Start to finish, the listing must be rewritten exactly.

# # # # # # #

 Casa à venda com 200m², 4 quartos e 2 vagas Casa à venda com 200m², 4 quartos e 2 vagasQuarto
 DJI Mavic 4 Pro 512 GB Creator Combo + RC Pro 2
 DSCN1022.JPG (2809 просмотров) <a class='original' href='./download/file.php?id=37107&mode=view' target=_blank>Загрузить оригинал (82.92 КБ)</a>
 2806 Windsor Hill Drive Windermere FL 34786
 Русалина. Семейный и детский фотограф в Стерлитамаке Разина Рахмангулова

# # # # # # #

§ Exercise solution
 Casa à venda com 200m², 4 quartos e 2 vagas Casa à venda com 200m², 4 quartos e 2 vagasQuarto
 DJI Mavic 4 Pro 512 GB Creator Combo + RC Pro 2
 DSCN1022.JPG (2809 просмотров) <a class='original' href='./download/file.php?id=37107&mode=view' target=_blank>Загрузить оригинал (82.92 КБ)</a>
 2806 Windsor Hill Drive Windermere FL 34786
 Русалина. Семейный и детский фотограф в Стерлитамаке Разина Рахмангулова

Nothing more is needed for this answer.